From O'Reilly, this downloadable ebook report, written by Peter Guerra and Kirk Borne (both of Booz Allen Hamilton), is a quick read at a dozen pages, but packs a wealth of info on data science goals vis-a-vis lessons learned from years in the field. The book outlines ten characteristics of a mature data science capability, which the book's website claims encourage you to:

    10 Signs of Data Maturity

  • Give members of your organization access to all your available data
  • Use Agile and leverage "DataOps"—DevOps for data product development
  • Help your data science team sharpen its skills through open or internal competitions
  • Personify data science as a way of doing things, and not a thing to do

Deep Networks with Stochastic Depth

This relatively new deep learning research paper details an innovative method for training deep neural networks. Challenges associated with training deep networks: vanishing gradients, diminishing forward flow, and slow training times. The proposed solution: stochastic depth. The authors describe this methods as:

[A] training procedure that enables the seemingly contradictory setup to train short networks and obtain deep networks. We start with very deep networks but during training, for each mini-batch, randomly drop a subset of layers and bypass them with the identity function. The resulting networks are short (in expectation) during training and deep during testing.

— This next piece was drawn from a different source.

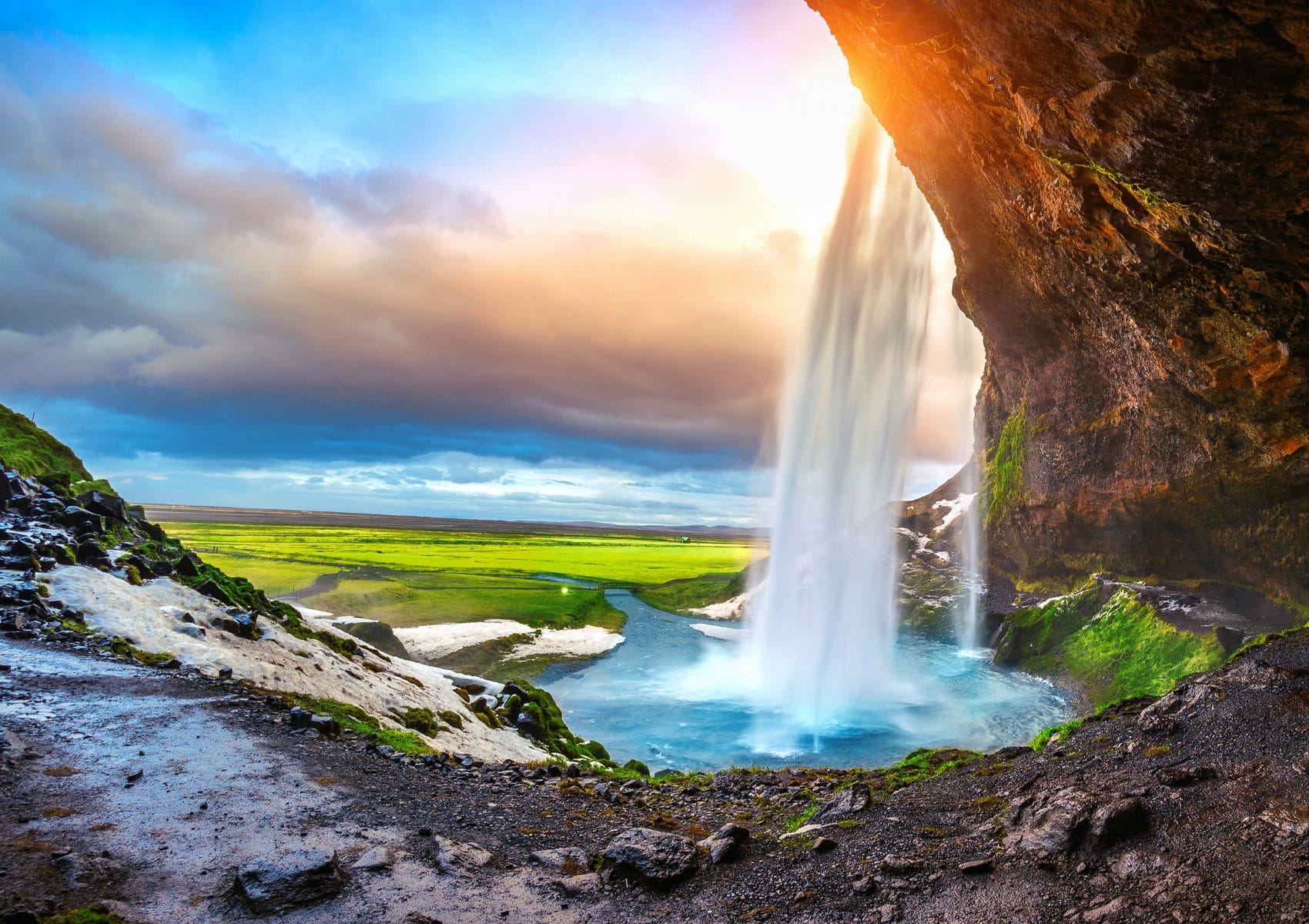 Iceland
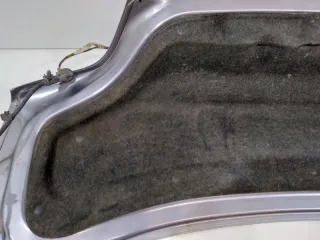FE1552610A Крышка багажника (дверь 3-5) Mazda RX-8 Арт 2-325190, вид 18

This paper was recently written about by Delip Rao; if you don't have the time to read the original paper, check out his post for some quick insight.

BONUS: A Few Useful Things to Know About Machine Learning

This now-classic paper by Pedro Domingos (2012) recently re-appeared on /r/MachineLearning, generating some renewed interest and exposure. I read this a number of years ago when beginning the journey to data-mining-slash-machine-learning-focused graduate studies, and it was influential in my understanding of exactly what it was I was getting into at the time. Skimming it again suggests that the paper is still relevant for newcomers, as does the interest on Reddit. If you're new to machine learning, there are many places you could choose as your very first step; Domingos' paper is just as good as any of them.

Hopefully there is something here of interest for some weekend reading. Remember, though, that the same material will still be here on Monday...